Trinta funcionários do Centro de Seleção e Promoção de Eventos (Cespe), instituição ligada à Universidade de Brasília (UnB) e responsável pelos principais concursos públicos do país, como os da Petrobras e Banco do Brasil, começaram a ser ouvidos no dia 2 de junho pela Polícia Civil do Distrito Federal, que ainda investiga as fraudes no concurso para agente penitenciário federal realizado no dia 22 de maio. Os docentes da UnB sentiram a imagem da instituição arranhada pela forma como foi divulgada na mídia a suspeita de que funcionários do Cespe estariam envolvidos no esquema de fraude e também pela prisão de Mauro Rabelo, diretor do Centro e professor da UnB, no dia 28 de maio, com base em uma denúncia posteriormente desmentida. O veículo que mais tem explorado este caso, ouvindo essencialmente a polícia como fonte, é o jornal Correio Braziliense, de Brasília.
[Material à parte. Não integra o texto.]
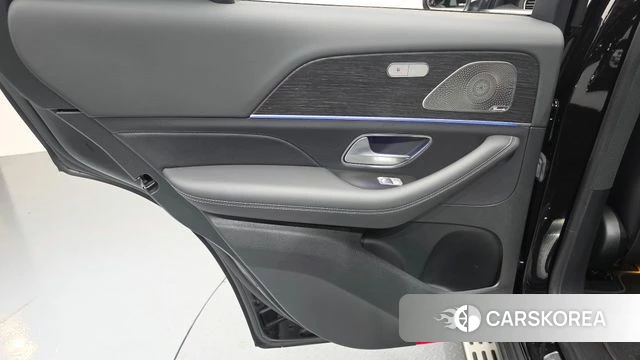 Mercedes-Benz GLE-Class W167 id 4280654 из Кореи 17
Em uma operação conjunta da Polícia Civil e da Polícia Federal, intitulada ‘Galileu’, foram feitas no dia 22 de maio 48 prisões no Distrito Federal e nove em Mato Grosso, a maioria nos locais onde estava sendo realizado o concurso para agente penitenciário que o Ministério da Justiça promoveu para preencher as vagas que serão criadas com a construção de presídios federais em Mato Grosso e no Paraná. Segundo o diretor-geral da Polícia Civil, Laerte Bessa, o esquema, especializado em roubar gabaritos e passar respostas para candidatos, era comandado por 23 pessoas, sendo o técnico do Tribunal de Justiça do Distrito Federal, Hélio Garcia Ortiz, apontado como o líder.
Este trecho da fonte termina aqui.